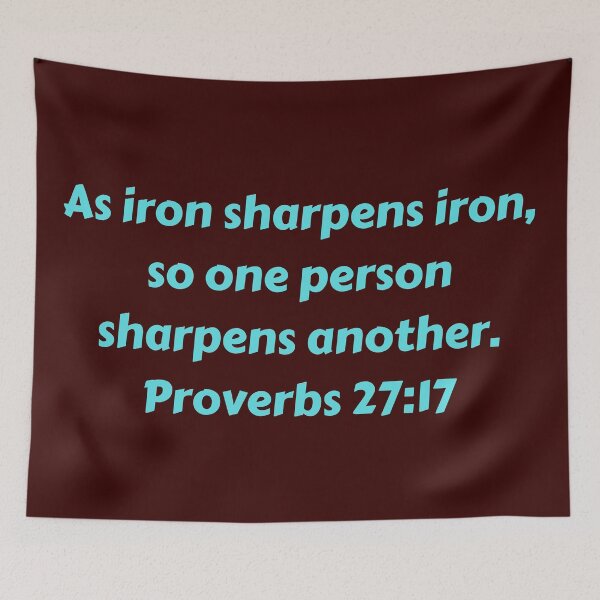 Item preview, Bible Verse Proverbs 27:17 designed and sold by Prayingwarrior.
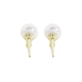 Stone and Strand 14K Yellow Gold Small Pearl & Diamond Earrings Rear Image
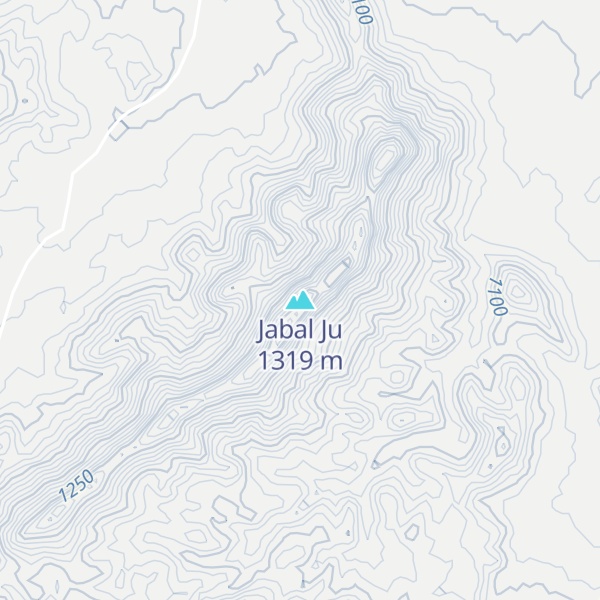Map of Jabal Ju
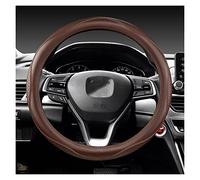 Coprivolanti per auto Coprivolante Per Auto In Vera Pelle 37-38CM Per Accord Per City Per Civic Per Fit Per Brio Per CRV Per HRV Per XRV Per Mobilio Copristerzo(COFFEE O SHAPE)
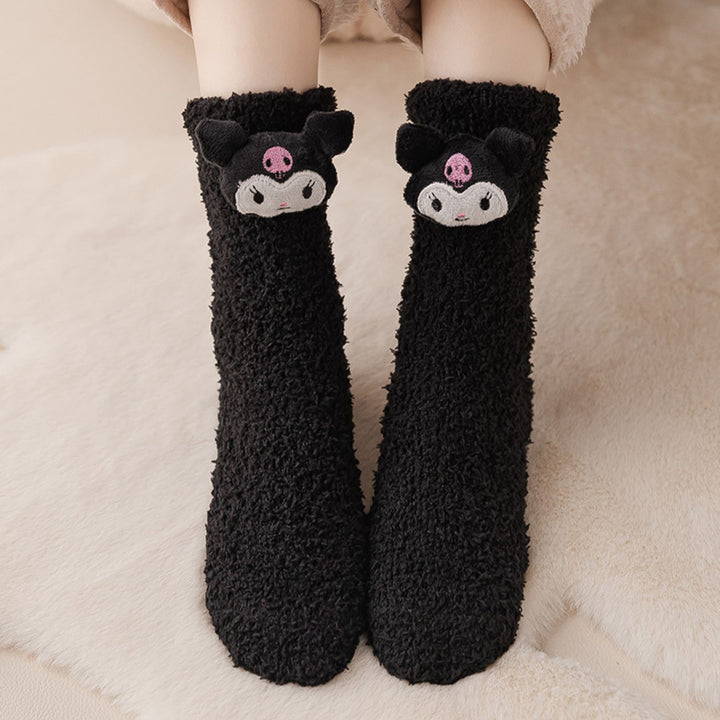 Cute Cartoon Autumn/Winter Socks 2 Pairs/set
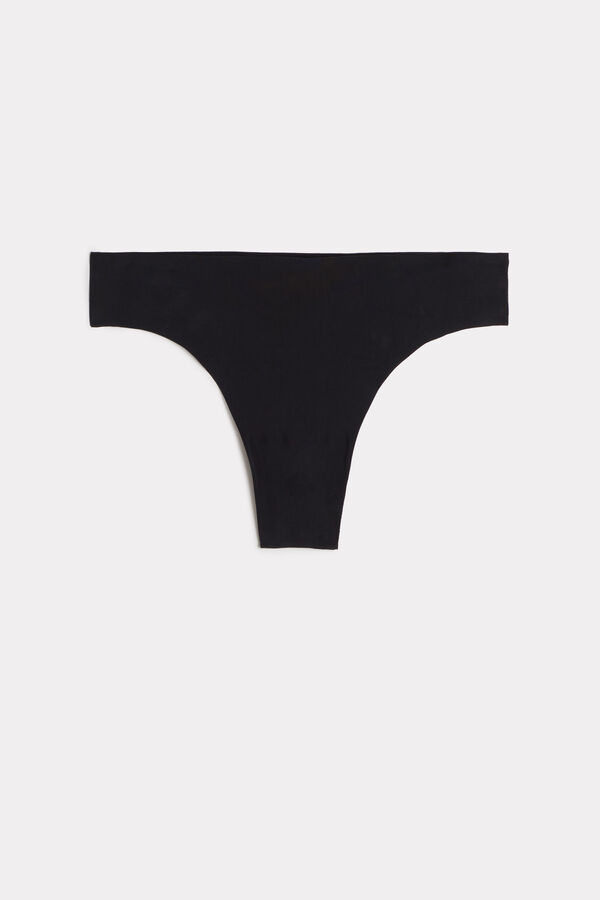 Intimssimi Brazilian Panties in Seamless Ultra Light Microfiber Negras | PECIF25981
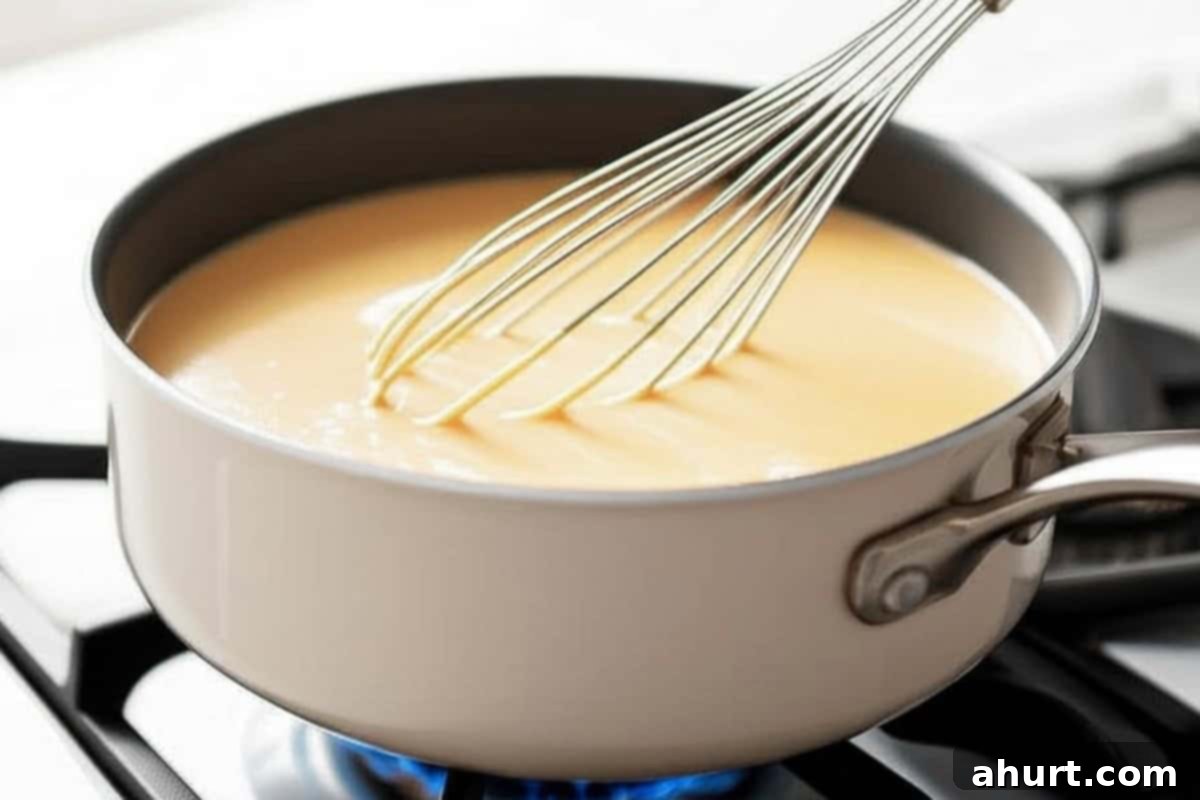Best Creamy Eggnog Recipe 6 pour the mixture into the saucepan and cook for 2-3 minutes in medium heat.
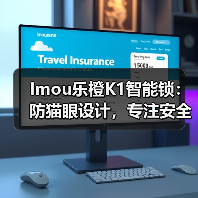 Imou乐橙K1智能锁:防猫眼设计,专注安全与美观设计(图3) Imou乐橙K1智能锁:防猫眼设计,专注安全与美观设计(图3)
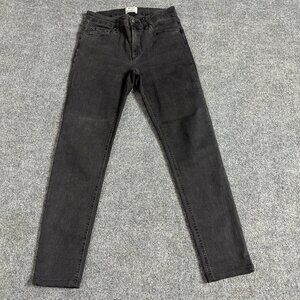 ACNE Womens Jeans 26 x 26 Black Tapered Ankle Zip Fly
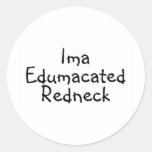 Edumacated Redneck Sticker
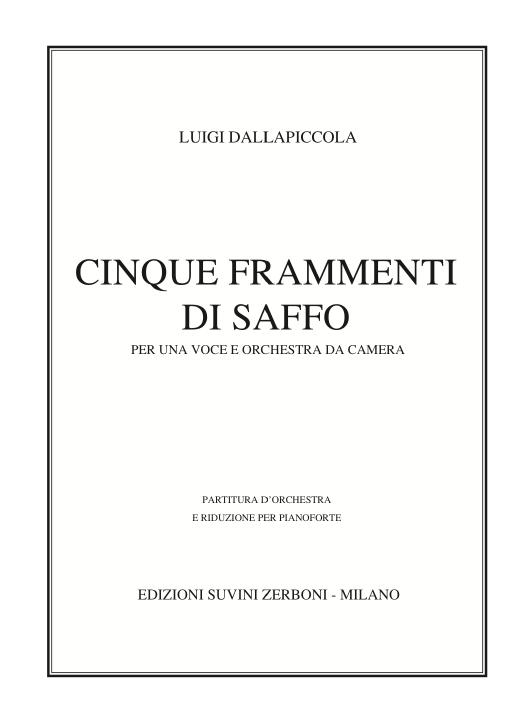 Cinque frammenti di Saffo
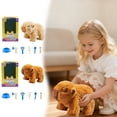 thumbnail image 4 of Plush Toy Capybara with 6pcs Accessories Electronic Interactive Capybara Walking Capybara Toy Realistic Toys Barking Wagging Tail Capybara Pet Care Gifts for Birthday Christmas, 4 of 5
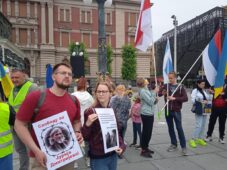 Protest "Rusi, Ukrajinci, Belorusi i Srbi zajedno protiv rata" (FOTO) 6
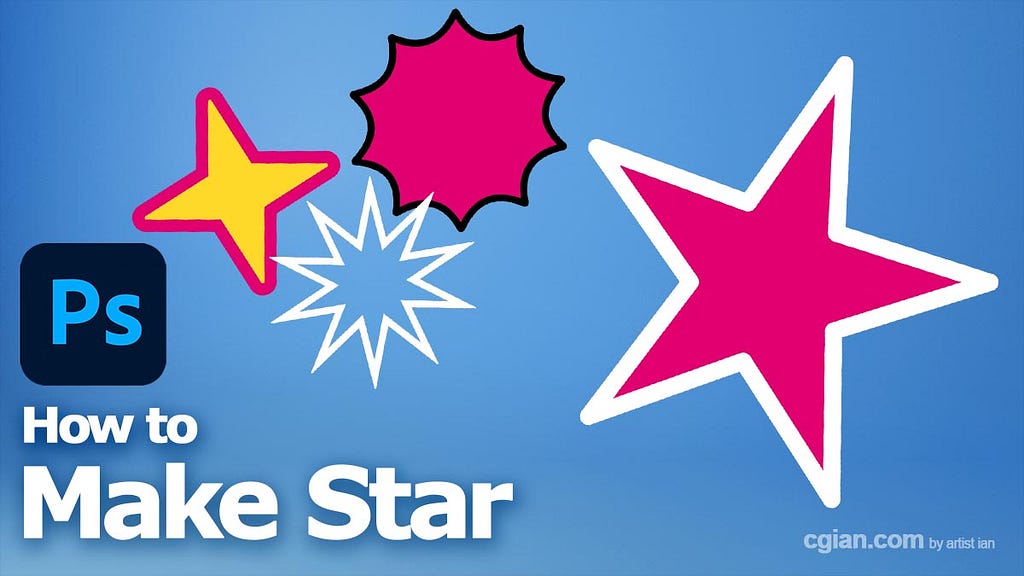 How to make a star in Photoshop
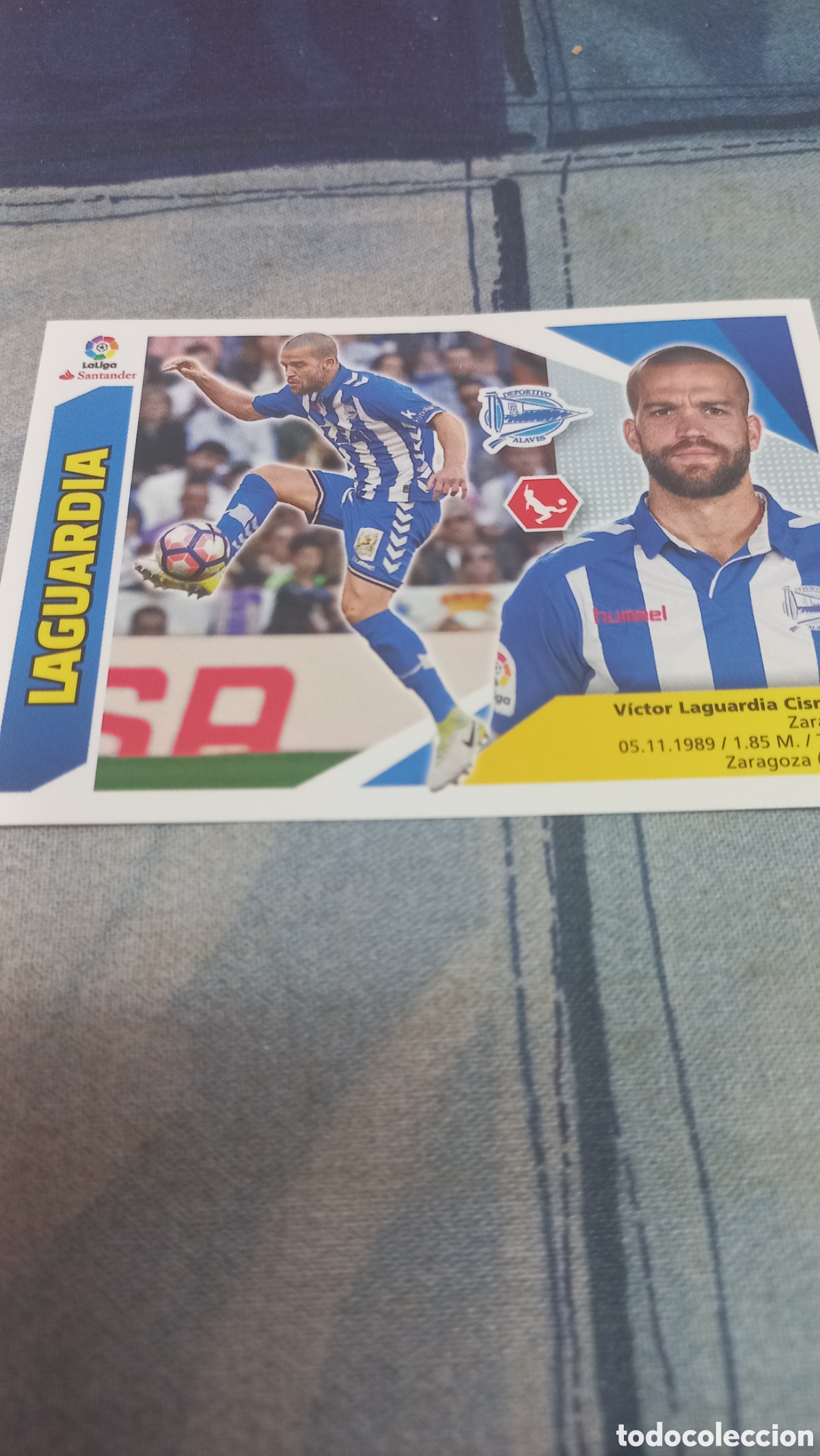 Figurine di Calcio: Laguardia Alaves 17 18 sin pegar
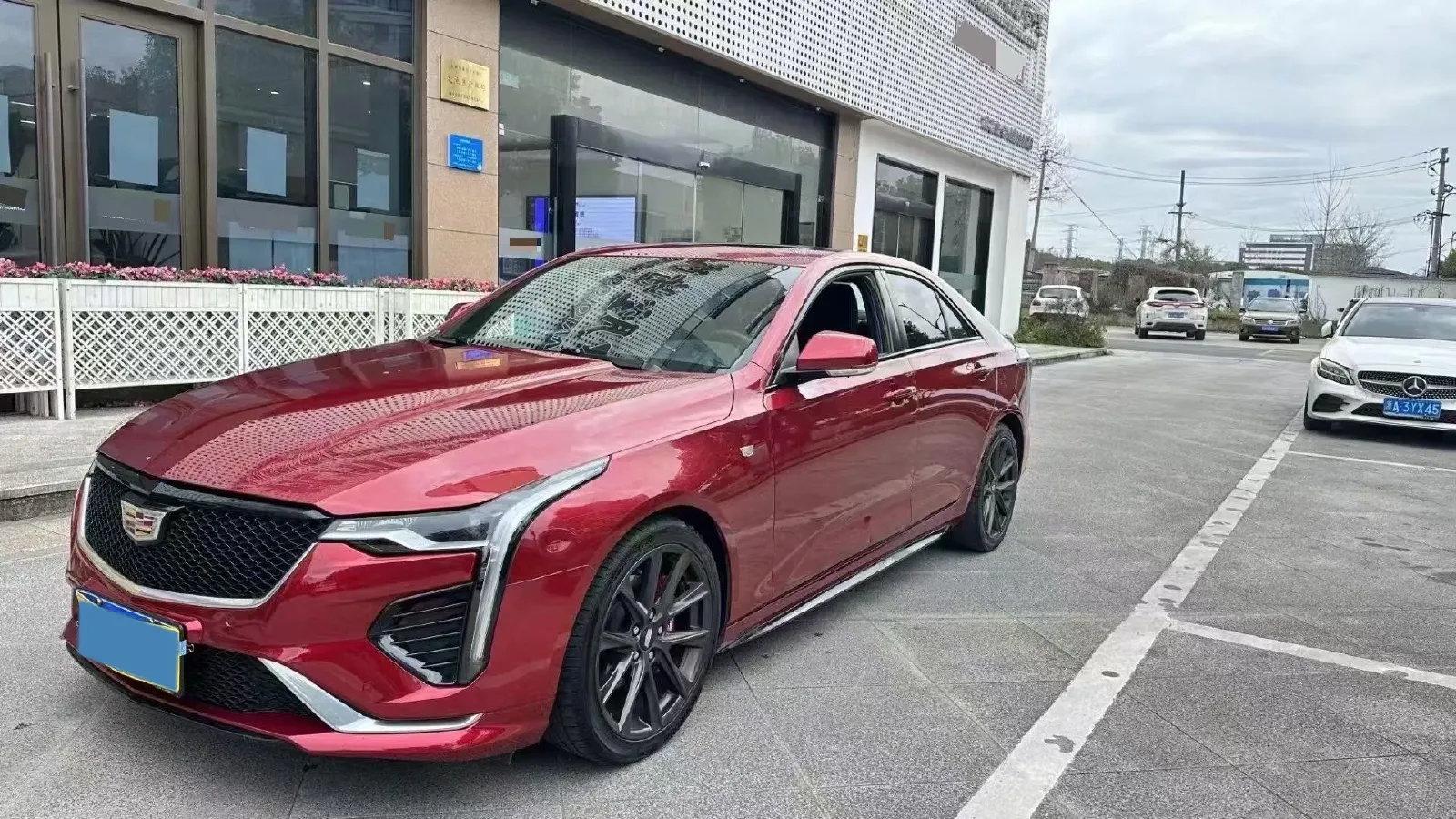 2021 Cadillac CT4 2.0T 237HP L4 8AT,autocango,china used car exporter,china ev exporter,chinese used car exporter,chinese used ev exporter
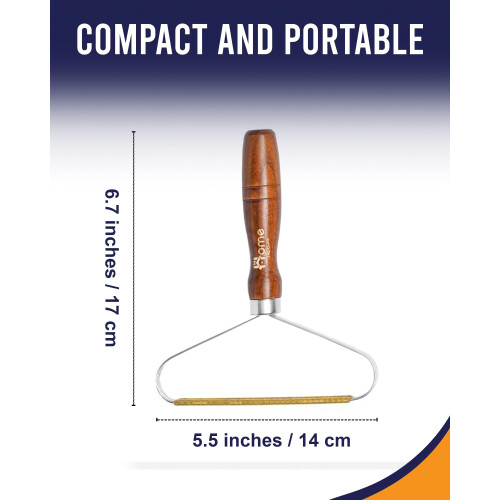 2 Pcs Double-Sided Carpet Scraper Tool & Lint Remover with Ergonomic 1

Work required »
All lines from the one that contains "Cinque frammenti di Saffo" through the last line of the data should be retyped exactly, with the pictures left out.

Task answer »
 Cinque frammenti di Saffo
 thumbnail image 4 of Plush Toy Capybara with 6pcs Accessories Electronic Interactive Capybara Walking Capybara Toy Realistic Toys Barking Wagging Tail Capybara Pet Care Gifts for Birthday Christmas, 4 of 5
 Protest "Rusi, Ukrajinci, Belorusi i Srbi zajedno protiv rata" (FOTO) 6
 How to make a star in Photoshop
 Figurine di Calcio: Laguardia Alaves 17 18 sin pegar
 2021 Cadillac CT4 2.0T 237HP L4 8AT,autocango,china used car exporter,china ev exporter,chinese used car exporter,chinese used ev exporter
 2 Pcs Double-Sided Carpet Scraper Tool & Lint Remover with Ergonomic 1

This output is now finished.